In this regard, the Circuit Court considered that the telecommunications sector involves not only the operation of telecommunications networks and the provision of telecommunications services, but also aspects such as passive infrastructure, essential inputs and devices which are connected to the networks, as well as the technological conditions required for the provision of telecommunications services (such as interconnection and network interoperability).

The Circuit Court also concluded that a competitive analysis within the market of telecommunications networks cannot be segmented attending to the different stages of the production process (i.e., the production of inputs and the operation of the network) as there is a clear influence and dependency between one-another.

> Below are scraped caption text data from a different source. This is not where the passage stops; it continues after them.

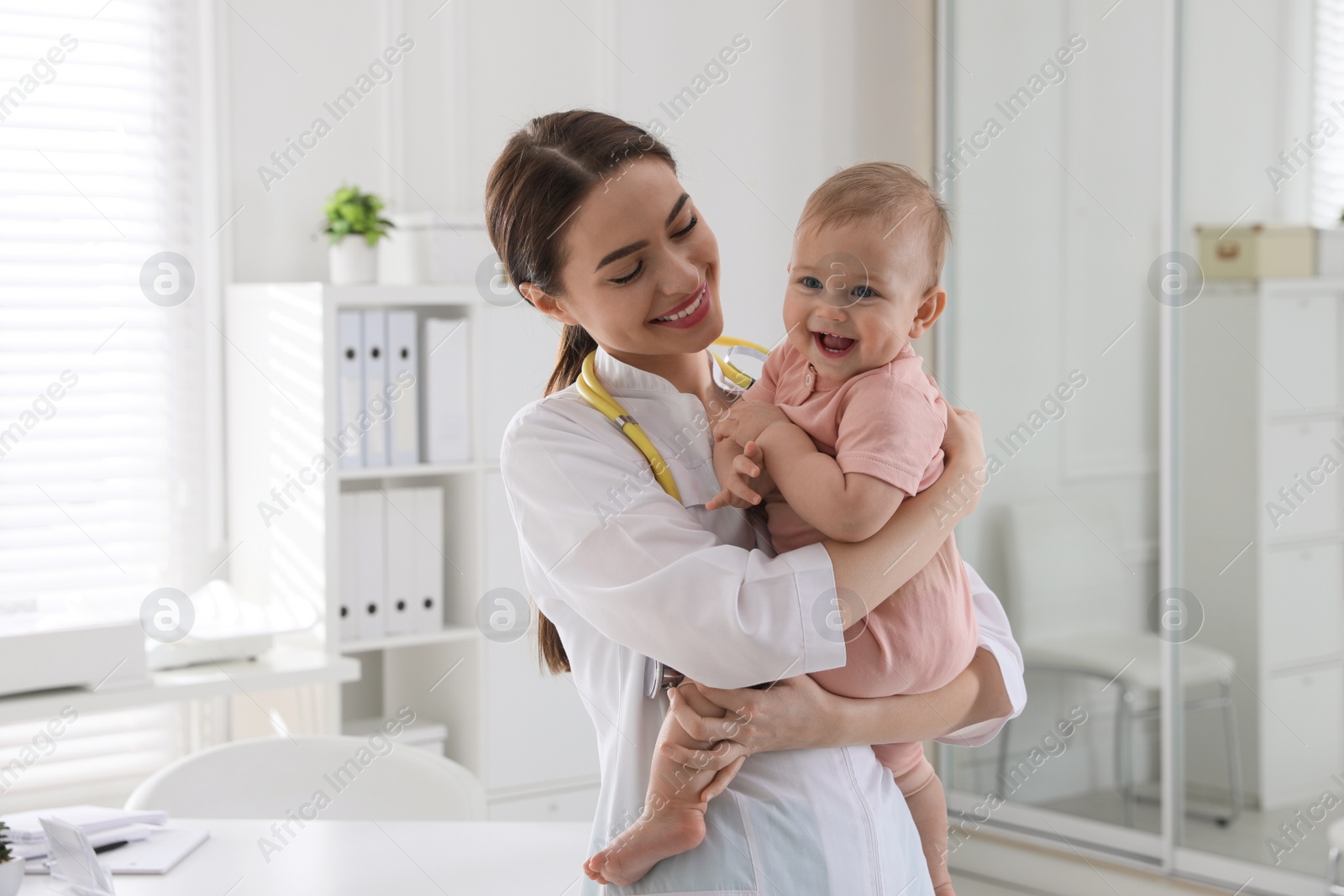 Photo of Young pediatrician with cute little baby in clinic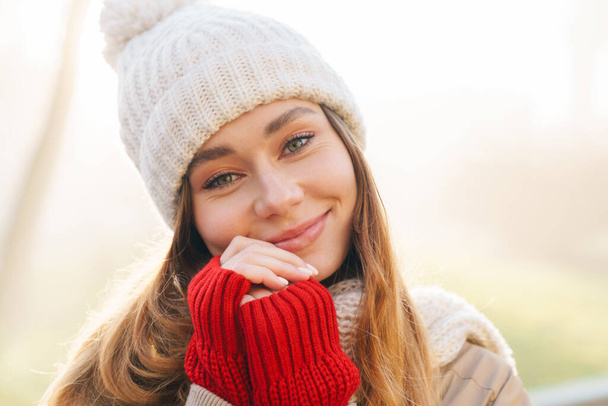 Close up of a cheerful pretty young girl wearing winter jacket and a hat standing on a city street - Fotografie, Obrázek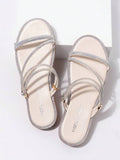 Top view of beige flat sandals with crisscross rhinestone straps and gold loop hardware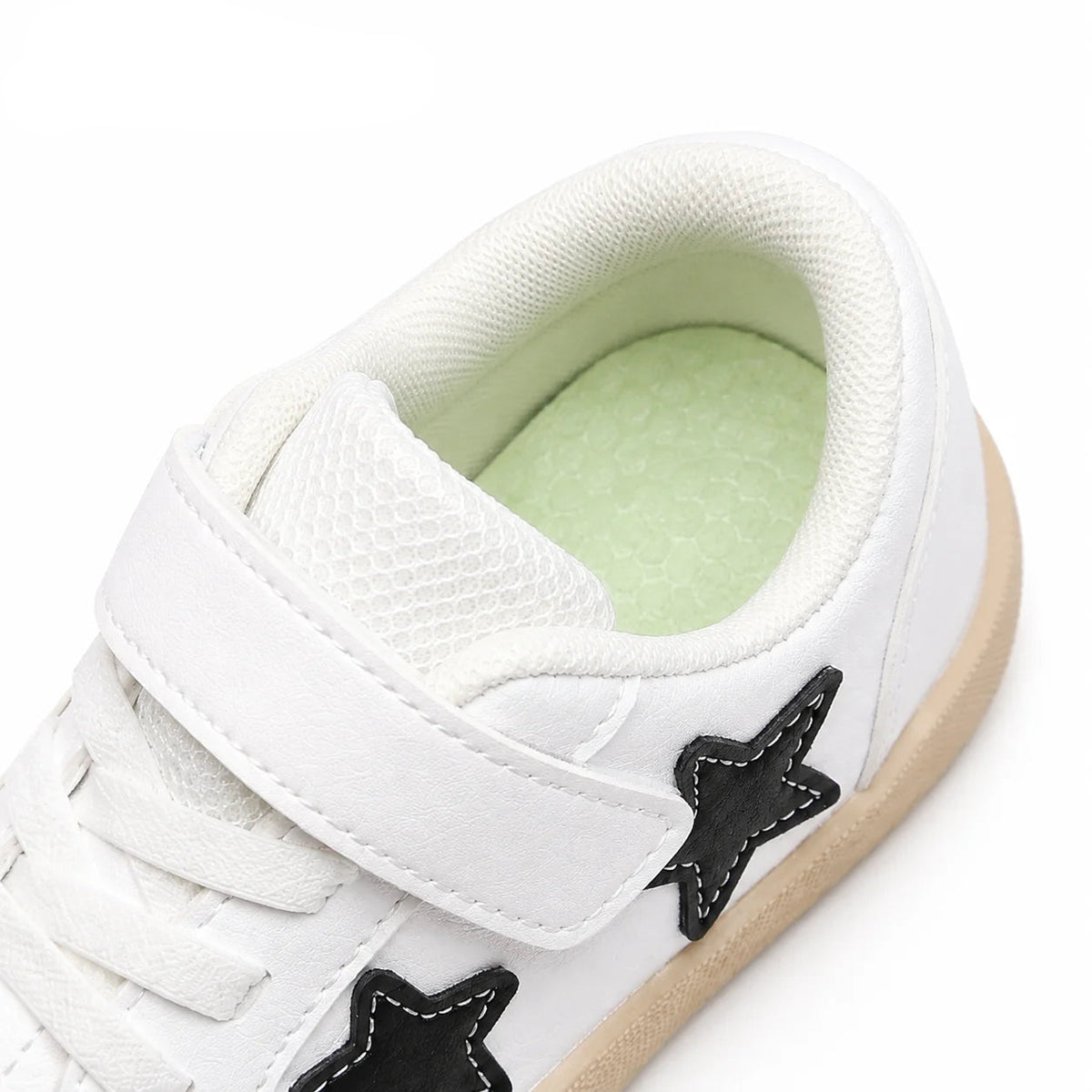 White PmwRun children's low-top sneaker with a hook-and-loop strap, black star accents, and a light beige gum sole, shown on a white background.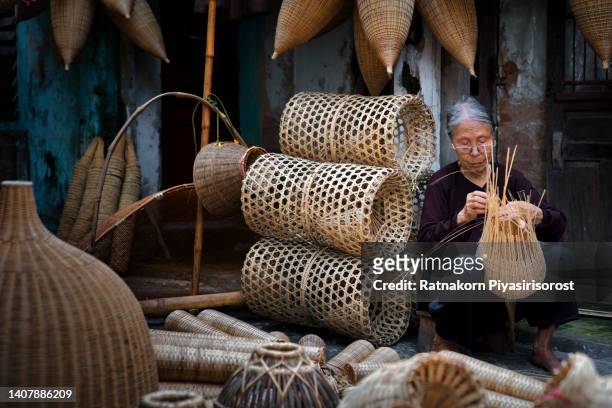 old vietnamese women doing basketry for fishing equipment at morning in thu sy village, vietnam. - basket weaving stock pictures, royalty-free photos & images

Further, the Circuit Court considered that the analysis of the Transaction required a deep technical knowledge of the telecommunications sector, which was inherent to IFT's purpose.

Consequently, the Circuit Court ruled in favour of IFT, confirming its jurisdiction over the Transaction.

Conclusion

The ruling of the Circuit Court in the context of the Nokia / Alcatel-Lucent merger was the first time ever in which the mechanism for deciding jurisdiction among the Antitrust Authorities in Mexico was applied.

The ruling is relevant in the sense that it sets forth additional elements to those included in the Mexican Constitution to determine when a transaction should be deemed as part of the T&B sectors pursuant to the markets that may be affected.

Consequently, in those cases in which it is not clear whether a relevant product belongs to the T&B sector, economic agents should carefully analyze related markets in which a transaction may have an impact, as well as the level of specialization required to analyze in detail the relevant market and any affected related markets with respect to a given transaction.


  1. Luis Gerardo García Santos Coy and Mauricio Serralde Rodríguez are partners and Jorge Kargl Pavía is a senior associate at Creel, García-Cuéllar, Aiza y Enríquez SC.
  2. The Competition Law addresses merger review under the name of concentrations (concentraciones), which involves not only mergers but also the acquisition of control or any other similar acts or transactions that combine corporations, associations, partnerships, shares, trusts or assets in general between competitors, suppliers, customers or any other economic agents.
  3. Both agencies were created as autonomous constitutional bodies (independent from the Executive branch) as a result of a constitutional amendment passed in June 2013.
  4. File C.C.A. 2/2015; Second Collegiate Circuit Court specialized in competition, broadcasting and telecommunications matters.